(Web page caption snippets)
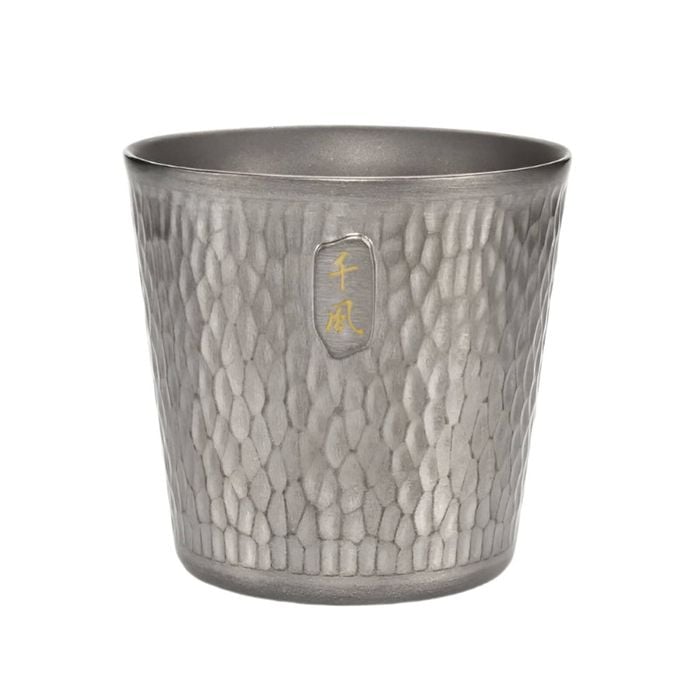 NNEOBA 300ml Titanium Camping Mug Double-Layer Grey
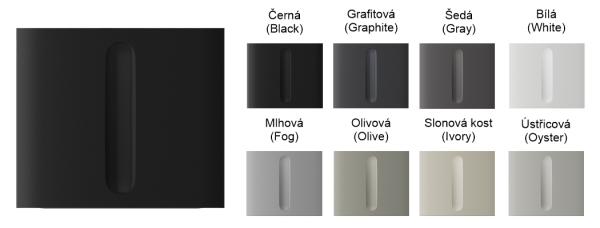 Ajax  CenterButton (Dimmer) vertical - Středový kryt stmívatelného tlačítka,  vertikální instalace,  ústřicová1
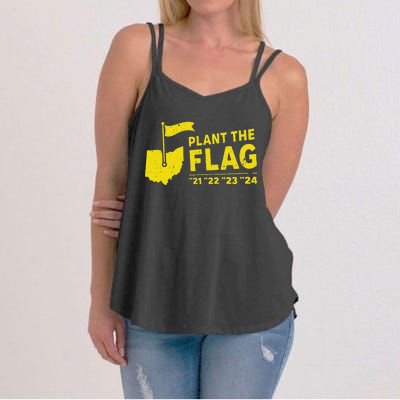 Michigan Plant The Flag 21 22 23 24 Lovers Women's Strappy Tank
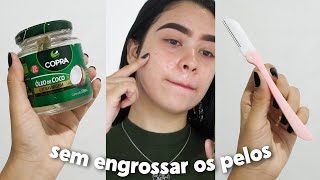 Como DEPILO meu rosto SEM engrossar os pelos + DICAS 💚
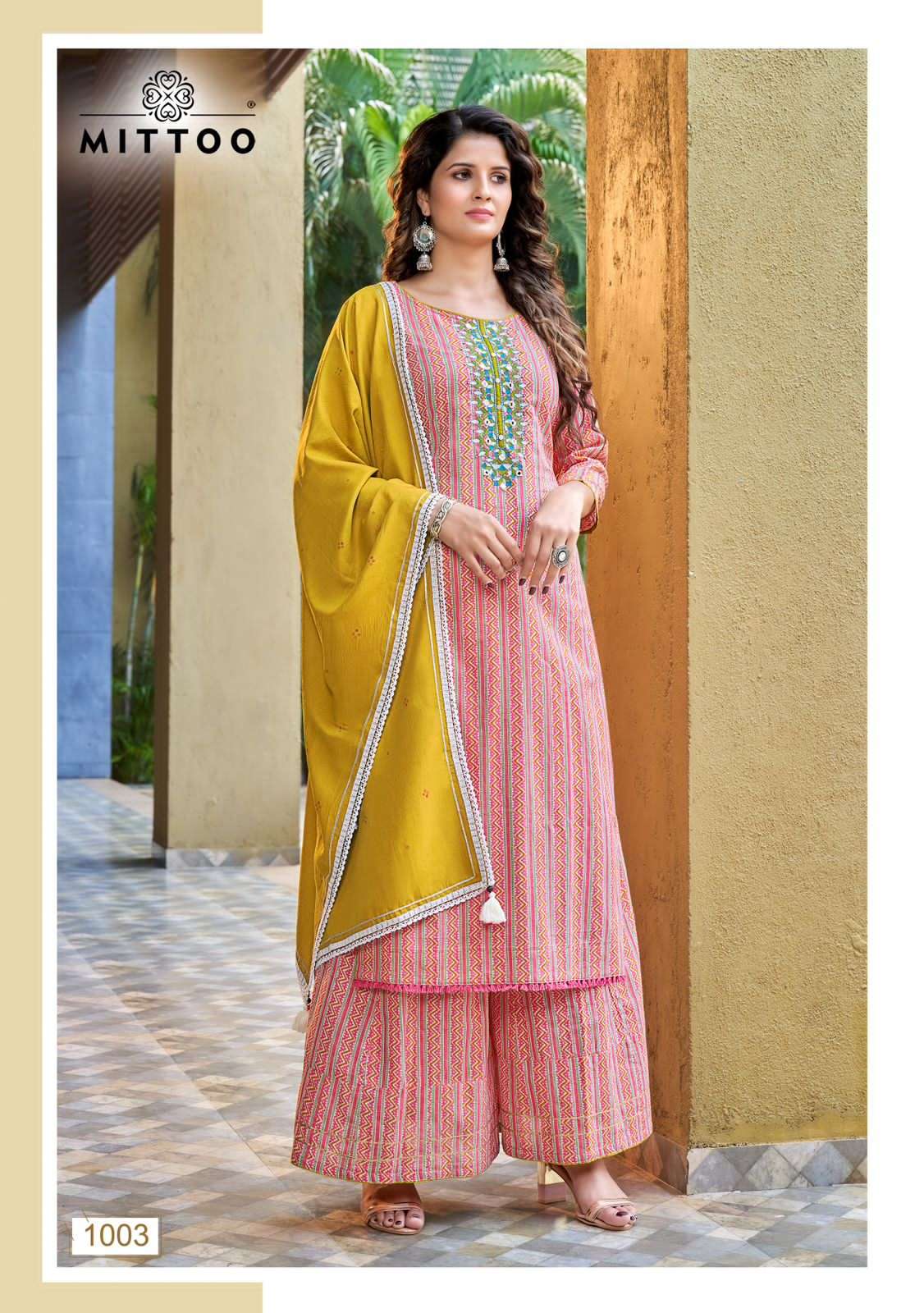 NAIRA BY MITTOO 1001 TO 1006 SERIES DESIGNER SHARARA SUITS BEAUTIFUL FANCY COLORFUL STYLISH PARTY WEAR & OCCASIONAL WEAR RAYON PRINT DRESSES AT WHOLESALE PRICE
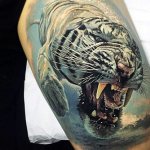 Tatouage du sourire du tigre - photo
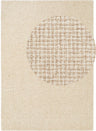 Hanse Home Eloise Wool rug, Cream brown colours, scandy style rug, abstract design, durable and soft rug, vacuum friendly | THE RUGS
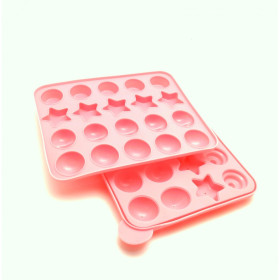 Molde silicona cake pops figuras x 20 cav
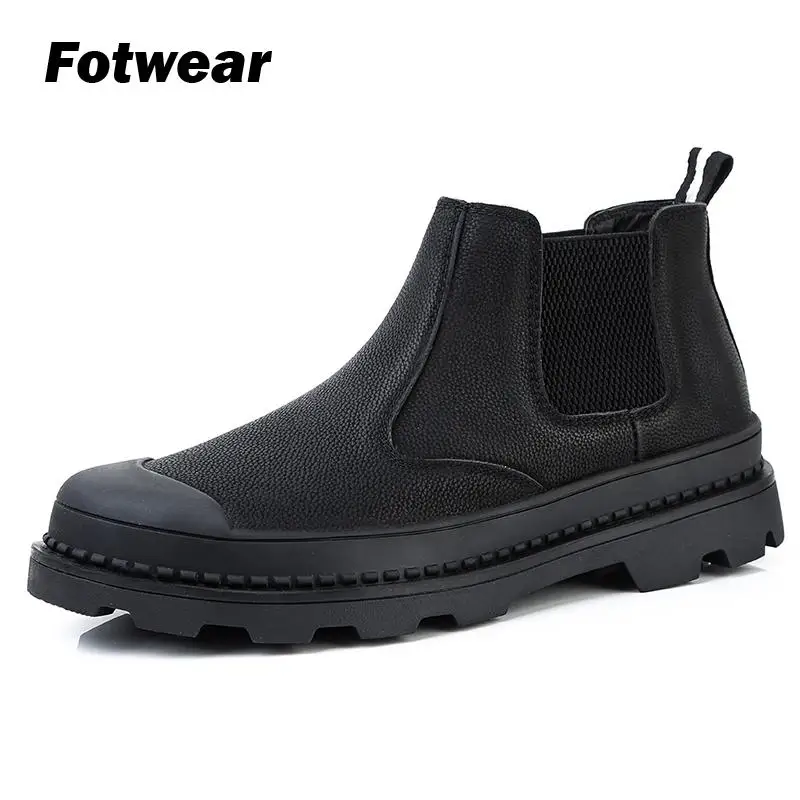Fotwear/мужские ботинки формальные из натуральной кожи мужская повседневная обувь в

• ASSIGNED TASK:
Retype each entry precisely. Skip images entirely.

• ANSWER TO THE EXERCISE:
 NNEOBA 300ml Titanium Camping Mug Double-Layer Grey
 Ajax  CenterButton (Dimmer) vertical - Středový kryt stmívatelného tlačítka,  vertikální instalace,  ústřicová1
 Michigan Plant The Flag 21 22 23 24 Lovers Women's Strappy Tank
 Como DEPILO meu rosto SEM engrossar os pelos + DICAS 💚
 NAIRA BY MITTOO 1001 TO 1006 SERIES DESIGNER SHARARA SUITS BEAUTIFUL FANCY COLORFUL STYLISH PARTY WEAR & OCCASIONAL WEAR RAYON PRINT DRESSES AT WHOLESALE PRICE
 Tatouage du sourire du tigre - photo
 Hanse Home Eloise Wool rug, Cream brown colours, scandy style rug, abstract design, durable and soft rug, vacuum friendly | THE RUGS
 Molde silicona cake pops figuras x 20 cav
Fotwear/мужские ботинки формальные из натуральной кожи мужская повседневная обувь в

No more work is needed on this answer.